Ласковое лицо Тараша всплыло перед ней… Дубняк, голуби… В легкой дремоте представилось Тамар, что тянутся к ней сладкие уста возлюбленного. Запрокинул ей голову, поцеловал…
Она проснулась. Жалкая плешивая голова отца Родам вспомнилась ей. Как он проклинал обольстителя своей дочери! А Родам, лежа на арбе, слушала его ни жива ни мертва.
Ни за что не позволит Тамар, чтобы кто-нибудь осмелился при ней поносить светлое имя Тараша Эмхвари! Если даже он окажется жив, — да, если даже он жив и бросил, ушел от нее, — все равно никому не позволит она его оскорблять!
Только бы Мисоуст оказался жив! Тамар одна понесет тяжкий крест, который взвалила на ее плечи судьба. Уйдет тайно из дому, как это сделала недавно ее подруга Тина Шониа. Она сделается прачкой, возьмет на себя все заботы, чтобы вырастить плод своей первой любви. Только бы Мисоуст был жив!
Сегодня вечером, когда она возвращалась домой, ее остановила вдова Маршаниа.
— Не знаю, — говорила она, — правда ли это или сплетни, только в Окуми поговаривают, будто Кац Звамбая переправил Тараша Эмхвари к черкесам и что Эмхвари теперь скрывается у них.
Но если это так, то что означали черные голуби? И странные предчувствия, и ощущение надвигающегося несчастья?
Маршаниева вдова сказала, что завтра литургию будет служить новый священник.
Тамар непременно пойдет в церковь. Она будет умолять бога, чтобы он даровал жизнь Мисоусту. Больше ничего не нужно Тамар.
Она ворочается в постели, хочет уснуть, чтобы хоть во сне увидеть Мисоуста.

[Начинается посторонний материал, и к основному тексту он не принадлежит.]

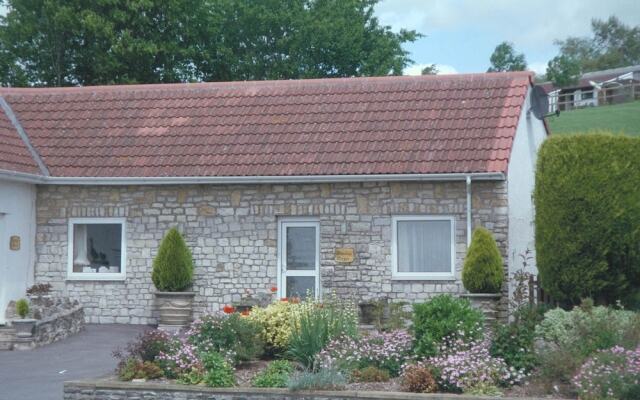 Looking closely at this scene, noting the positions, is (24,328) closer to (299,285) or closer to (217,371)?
(299,285)

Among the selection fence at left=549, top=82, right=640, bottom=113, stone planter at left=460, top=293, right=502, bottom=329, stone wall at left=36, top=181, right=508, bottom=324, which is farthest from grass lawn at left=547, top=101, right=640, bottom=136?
stone planter at left=460, top=293, right=502, bottom=329

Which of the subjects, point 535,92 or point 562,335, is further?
point 535,92

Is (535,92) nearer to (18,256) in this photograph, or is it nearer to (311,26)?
(18,256)

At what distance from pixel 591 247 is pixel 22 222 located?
36.6 feet

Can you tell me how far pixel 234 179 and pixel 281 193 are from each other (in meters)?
0.97

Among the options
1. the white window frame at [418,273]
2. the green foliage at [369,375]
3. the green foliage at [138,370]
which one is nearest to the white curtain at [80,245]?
the white window frame at [418,273]

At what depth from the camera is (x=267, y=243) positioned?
792 inches

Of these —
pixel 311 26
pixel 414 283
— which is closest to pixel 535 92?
pixel 414 283

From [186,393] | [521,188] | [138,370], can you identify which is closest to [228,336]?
[138,370]

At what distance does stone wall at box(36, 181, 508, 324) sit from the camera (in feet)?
63.6

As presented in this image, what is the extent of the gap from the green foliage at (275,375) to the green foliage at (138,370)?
1.32m

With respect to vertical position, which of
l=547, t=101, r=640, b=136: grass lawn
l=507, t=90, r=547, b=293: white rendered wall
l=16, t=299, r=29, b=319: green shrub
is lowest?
l=16, t=299, r=29, b=319: green shrub

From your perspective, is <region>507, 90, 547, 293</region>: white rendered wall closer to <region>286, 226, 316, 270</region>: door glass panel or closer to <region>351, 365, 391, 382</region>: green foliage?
<region>286, 226, 316, 270</region>: door glass panel

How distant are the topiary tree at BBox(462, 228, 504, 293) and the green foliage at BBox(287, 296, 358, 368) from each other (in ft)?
13.6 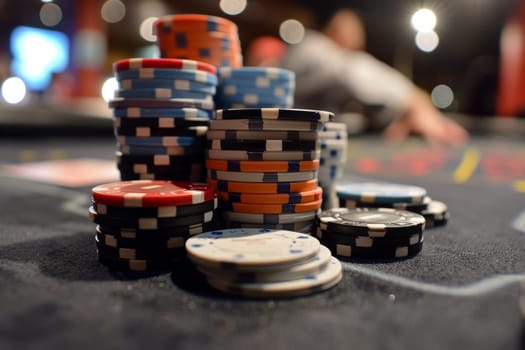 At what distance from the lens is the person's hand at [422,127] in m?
8.35

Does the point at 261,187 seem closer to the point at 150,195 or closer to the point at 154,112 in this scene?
the point at 150,195

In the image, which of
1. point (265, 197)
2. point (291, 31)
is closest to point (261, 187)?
point (265, 197)

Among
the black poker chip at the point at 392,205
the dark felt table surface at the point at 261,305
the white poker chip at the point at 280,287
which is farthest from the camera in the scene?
the black poker chip at the point at 392,205

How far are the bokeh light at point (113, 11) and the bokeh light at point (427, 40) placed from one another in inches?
394

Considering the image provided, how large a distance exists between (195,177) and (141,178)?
0.81 ft

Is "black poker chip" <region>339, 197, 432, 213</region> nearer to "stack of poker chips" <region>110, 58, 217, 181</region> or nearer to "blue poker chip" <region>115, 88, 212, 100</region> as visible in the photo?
"stack of poker chips" <region>110, 58, 217, 181</region>

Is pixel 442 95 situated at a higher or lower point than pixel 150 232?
higher

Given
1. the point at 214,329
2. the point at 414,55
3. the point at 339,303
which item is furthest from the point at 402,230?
the point at 414,55

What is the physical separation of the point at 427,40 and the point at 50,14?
12827 mm

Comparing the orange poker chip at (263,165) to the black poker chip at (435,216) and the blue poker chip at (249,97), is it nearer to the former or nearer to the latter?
the blue poker chip at (249,97)

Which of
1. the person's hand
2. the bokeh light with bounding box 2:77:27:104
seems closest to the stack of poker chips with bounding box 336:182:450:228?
the person's hand

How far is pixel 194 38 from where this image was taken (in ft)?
8.36

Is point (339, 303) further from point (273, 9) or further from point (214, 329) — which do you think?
point (273, 9)

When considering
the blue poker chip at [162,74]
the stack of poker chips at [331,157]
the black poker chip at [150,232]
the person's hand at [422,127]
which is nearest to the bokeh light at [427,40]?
the person's hand at [422,127]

Тамар верит в сны, как всякая верующая и суеверная женщина. Хотя бы ее мечта осуществилась!
Закрыла глаза, и только задремала, как страшный крик заставил ее вскочить. Кто-то кричал так истошно, точно его обварили кипятком.
Тамар затаила дыхание. Снова крик. Он доносился из комнаты Даши. В одной сорочке, босая, пробежала Тамар галерею, рванула дверь…

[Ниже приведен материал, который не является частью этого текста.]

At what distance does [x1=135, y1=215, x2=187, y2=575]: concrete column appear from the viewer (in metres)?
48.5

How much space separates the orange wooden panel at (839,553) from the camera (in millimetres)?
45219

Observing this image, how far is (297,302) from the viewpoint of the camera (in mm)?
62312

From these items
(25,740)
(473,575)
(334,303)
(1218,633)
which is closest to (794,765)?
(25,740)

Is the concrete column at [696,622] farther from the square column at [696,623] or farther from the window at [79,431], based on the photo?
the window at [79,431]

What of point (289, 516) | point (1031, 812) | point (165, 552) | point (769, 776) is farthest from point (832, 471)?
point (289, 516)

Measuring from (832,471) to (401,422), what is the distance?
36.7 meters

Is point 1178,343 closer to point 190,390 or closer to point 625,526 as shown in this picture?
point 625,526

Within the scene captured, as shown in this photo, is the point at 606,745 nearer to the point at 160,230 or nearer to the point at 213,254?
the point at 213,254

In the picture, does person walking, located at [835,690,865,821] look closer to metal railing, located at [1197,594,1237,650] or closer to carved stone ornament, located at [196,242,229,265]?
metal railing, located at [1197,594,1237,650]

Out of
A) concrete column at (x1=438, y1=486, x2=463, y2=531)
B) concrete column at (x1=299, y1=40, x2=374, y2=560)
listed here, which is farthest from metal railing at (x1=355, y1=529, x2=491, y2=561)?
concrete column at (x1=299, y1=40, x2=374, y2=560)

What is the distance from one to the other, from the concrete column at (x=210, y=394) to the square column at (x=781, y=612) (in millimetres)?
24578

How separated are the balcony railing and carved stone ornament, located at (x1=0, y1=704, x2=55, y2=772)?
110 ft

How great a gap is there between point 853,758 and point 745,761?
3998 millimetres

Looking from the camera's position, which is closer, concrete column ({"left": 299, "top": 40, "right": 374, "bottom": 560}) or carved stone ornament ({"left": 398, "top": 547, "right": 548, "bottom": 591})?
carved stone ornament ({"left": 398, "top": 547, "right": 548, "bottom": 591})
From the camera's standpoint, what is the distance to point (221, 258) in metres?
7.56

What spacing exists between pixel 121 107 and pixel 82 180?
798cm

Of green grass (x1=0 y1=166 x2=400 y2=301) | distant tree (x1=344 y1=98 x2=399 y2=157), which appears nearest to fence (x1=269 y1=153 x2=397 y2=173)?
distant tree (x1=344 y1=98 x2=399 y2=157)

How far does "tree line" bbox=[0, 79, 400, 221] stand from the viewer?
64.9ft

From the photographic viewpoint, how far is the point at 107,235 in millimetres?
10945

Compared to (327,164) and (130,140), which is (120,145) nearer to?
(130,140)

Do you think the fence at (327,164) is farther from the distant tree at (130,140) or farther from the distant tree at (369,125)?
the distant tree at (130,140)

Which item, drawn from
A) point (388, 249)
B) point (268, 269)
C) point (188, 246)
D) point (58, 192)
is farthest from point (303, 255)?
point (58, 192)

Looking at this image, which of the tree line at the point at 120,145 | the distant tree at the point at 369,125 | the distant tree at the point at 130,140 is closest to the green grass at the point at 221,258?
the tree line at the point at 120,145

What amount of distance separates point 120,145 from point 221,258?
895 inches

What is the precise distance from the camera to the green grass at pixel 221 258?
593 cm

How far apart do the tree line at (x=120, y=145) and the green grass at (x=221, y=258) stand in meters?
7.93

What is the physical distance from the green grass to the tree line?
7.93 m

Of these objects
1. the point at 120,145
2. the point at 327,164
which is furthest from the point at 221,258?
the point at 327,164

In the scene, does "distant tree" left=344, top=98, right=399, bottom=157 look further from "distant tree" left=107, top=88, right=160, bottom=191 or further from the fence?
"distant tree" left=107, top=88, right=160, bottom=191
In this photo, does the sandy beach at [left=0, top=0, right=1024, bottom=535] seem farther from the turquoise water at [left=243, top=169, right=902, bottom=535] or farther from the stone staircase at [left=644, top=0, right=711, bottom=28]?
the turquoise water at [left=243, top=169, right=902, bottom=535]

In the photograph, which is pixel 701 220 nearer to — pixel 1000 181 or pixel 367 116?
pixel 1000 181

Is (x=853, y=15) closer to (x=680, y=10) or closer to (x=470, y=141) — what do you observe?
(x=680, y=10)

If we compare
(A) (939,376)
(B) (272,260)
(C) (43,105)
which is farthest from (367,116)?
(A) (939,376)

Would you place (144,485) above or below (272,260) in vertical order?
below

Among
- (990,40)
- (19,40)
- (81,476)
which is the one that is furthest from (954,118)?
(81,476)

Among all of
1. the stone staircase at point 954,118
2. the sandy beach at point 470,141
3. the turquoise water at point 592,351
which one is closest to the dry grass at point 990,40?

Родам металась на постели, царапала себе лицо и кричала, кричала… Старик отец, упав ничком, бился лбом об пол и громко молился.
Пронзительно, дико вскрикнула Родам. Зрачки ее глаз расширились.

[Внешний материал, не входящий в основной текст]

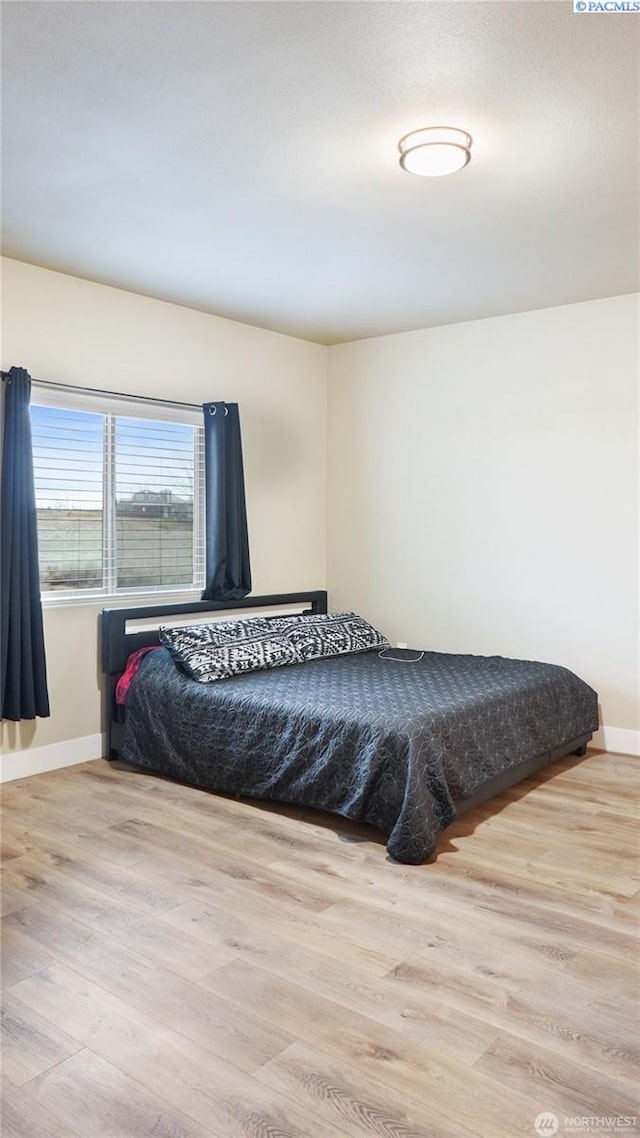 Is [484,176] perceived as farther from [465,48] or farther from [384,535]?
[384,535]

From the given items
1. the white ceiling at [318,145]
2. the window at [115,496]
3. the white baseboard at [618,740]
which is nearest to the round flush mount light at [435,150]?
the white ceiling at [318,145]

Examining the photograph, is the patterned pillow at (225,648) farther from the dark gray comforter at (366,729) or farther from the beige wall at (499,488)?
the beige wall at (499,488)

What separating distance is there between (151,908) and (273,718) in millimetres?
1090

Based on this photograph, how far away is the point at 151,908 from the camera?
2.67 m

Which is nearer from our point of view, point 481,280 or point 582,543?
point 481,280

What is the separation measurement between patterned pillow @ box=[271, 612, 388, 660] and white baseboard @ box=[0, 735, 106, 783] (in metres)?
1.21

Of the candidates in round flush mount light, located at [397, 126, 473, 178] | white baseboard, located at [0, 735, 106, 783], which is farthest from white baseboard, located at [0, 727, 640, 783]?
round flush mount light, located at [397, 126, 473, 178]

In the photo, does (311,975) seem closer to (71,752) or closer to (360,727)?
(360,727)

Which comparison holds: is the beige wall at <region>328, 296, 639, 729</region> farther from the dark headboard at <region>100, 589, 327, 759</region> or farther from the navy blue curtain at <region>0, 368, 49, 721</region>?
the navy blue curtain at <region>0, 368, 49, 721</region>

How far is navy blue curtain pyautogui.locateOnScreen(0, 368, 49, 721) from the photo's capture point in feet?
12.5

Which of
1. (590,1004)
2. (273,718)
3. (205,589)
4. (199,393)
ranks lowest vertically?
(590,1004)

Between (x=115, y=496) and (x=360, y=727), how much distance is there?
6.79 ft

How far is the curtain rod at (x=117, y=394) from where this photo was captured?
13.4 feet

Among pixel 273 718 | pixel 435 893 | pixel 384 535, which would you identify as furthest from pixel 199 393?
pixel 435 893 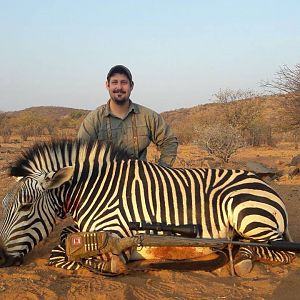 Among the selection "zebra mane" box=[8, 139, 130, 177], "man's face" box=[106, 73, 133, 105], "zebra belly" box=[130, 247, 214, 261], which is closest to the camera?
"zebra belly" box=[130, 247, 214, 261]

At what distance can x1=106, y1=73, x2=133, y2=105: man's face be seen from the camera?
4.90m

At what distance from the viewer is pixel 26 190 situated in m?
3.47

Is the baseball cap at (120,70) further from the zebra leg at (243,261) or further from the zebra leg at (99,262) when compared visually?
the zebra leg at (243,261)

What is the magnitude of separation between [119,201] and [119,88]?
1686mm

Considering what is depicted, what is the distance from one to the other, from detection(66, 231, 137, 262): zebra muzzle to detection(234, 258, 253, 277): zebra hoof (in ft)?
2.83

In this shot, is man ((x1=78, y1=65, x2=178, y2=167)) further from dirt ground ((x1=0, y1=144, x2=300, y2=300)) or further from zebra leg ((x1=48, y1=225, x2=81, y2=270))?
dirt ground ((x1=0, y1=144, x2=300, y2=300))

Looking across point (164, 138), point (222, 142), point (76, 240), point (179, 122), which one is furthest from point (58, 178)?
point (179, 122)

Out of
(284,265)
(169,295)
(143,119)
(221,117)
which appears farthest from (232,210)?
(221,117)

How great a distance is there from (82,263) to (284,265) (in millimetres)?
1743

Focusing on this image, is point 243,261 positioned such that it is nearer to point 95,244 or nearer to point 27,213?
point 95,244

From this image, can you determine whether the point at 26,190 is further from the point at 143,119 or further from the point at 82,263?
the point at 143,119

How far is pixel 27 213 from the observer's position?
137 inches

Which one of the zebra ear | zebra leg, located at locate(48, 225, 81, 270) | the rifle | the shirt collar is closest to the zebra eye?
the zebra ear

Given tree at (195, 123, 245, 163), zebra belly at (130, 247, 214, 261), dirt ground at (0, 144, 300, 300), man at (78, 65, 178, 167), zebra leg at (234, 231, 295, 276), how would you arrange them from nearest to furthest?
dirt ground at (0, 144, 300, 300) < zebra leg at (234, 231, 295, 276) < zebra belly at (130, 247, 214, 261) < man at (78, 65, 178, 167) < tree at (195, 123, 245, 163) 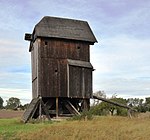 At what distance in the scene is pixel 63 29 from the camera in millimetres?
34125

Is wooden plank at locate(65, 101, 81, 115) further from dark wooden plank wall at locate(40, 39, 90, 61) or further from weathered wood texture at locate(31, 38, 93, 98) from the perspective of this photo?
dark wooden plank wall at locate(40, 39, 90, 61)

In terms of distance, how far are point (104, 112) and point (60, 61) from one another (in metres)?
14.2

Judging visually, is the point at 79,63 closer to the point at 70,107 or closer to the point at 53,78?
the point at 53,78

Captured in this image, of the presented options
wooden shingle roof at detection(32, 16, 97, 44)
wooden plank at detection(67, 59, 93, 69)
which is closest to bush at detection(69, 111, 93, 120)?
wooden plank at detection(67, 59, 93, 69)

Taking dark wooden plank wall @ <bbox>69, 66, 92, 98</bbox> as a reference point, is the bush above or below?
below

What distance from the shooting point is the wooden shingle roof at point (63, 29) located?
33094 mm

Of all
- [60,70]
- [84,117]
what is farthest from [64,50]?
[84,117]

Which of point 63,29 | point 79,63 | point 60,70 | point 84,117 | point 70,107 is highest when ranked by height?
point 63,29

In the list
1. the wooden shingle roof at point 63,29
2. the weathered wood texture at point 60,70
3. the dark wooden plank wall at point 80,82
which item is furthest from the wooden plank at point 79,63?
the wooden shingle roof at point 63,29

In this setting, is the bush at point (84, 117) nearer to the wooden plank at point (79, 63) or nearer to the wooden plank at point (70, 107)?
the wooden plank at point (70, 107)

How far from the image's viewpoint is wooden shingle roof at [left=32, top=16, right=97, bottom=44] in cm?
3309

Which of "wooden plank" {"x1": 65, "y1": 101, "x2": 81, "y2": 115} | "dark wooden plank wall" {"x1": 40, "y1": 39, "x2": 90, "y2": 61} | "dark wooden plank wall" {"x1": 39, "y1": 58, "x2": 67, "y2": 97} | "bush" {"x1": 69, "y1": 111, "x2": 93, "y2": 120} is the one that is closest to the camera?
"bush" {"x1": 69, "y1": 111, "x2": 93, "y2": 120}

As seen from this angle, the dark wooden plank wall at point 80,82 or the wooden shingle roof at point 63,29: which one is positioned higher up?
the wooden shingle roof at point 63,29

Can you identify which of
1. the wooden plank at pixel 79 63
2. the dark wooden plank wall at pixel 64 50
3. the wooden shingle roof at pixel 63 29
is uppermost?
the wooden shingle roof at pixel 63 29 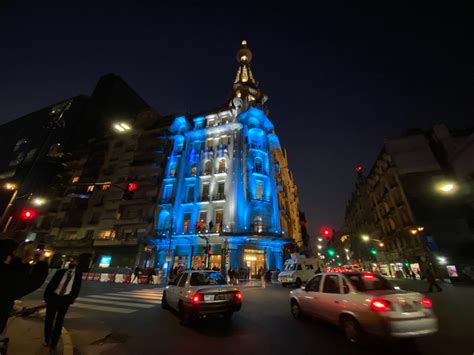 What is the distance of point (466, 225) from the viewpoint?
87.2 feet

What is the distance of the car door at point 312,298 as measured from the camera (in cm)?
602

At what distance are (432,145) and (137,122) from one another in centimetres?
5336

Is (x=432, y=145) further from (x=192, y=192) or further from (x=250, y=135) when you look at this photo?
(x=192, y=192)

Ее несчастный отец вскочил и кинулся к дочери. Еще раз вскрикнула Родам, содрогнулась, уронила голову с подушки и смолкла.
Обливаясь слезами, Тамар перекрестилась и припала губами к холодеющему лбу Родам.
Каролина и Лукайя вбежали в комнату. Они нашли старика распростертым над покойницей. Тамар лежала на полу в обмороке.
Взбешенный Тариэл метался по балкону. Он громко проклинал «нынешние нравы» и «распутных женщин» и обвинял Каролину в свалившейся на него неприятности. Когда же Лукайя и Даша пронесли мимо него потерявшую сознание Тамар, ярость священника дошла до предела. Он поспешил запереться в своей комнате и принять бром.
Утром Тамар встала рано, хотя у нее болела голова и к горлу подступала тошнота. Она старалась держаться бодро, боялась, как бы отец не заставил ее снова лечь: тогда ей не удалось бы в последний раз увидеть Родам.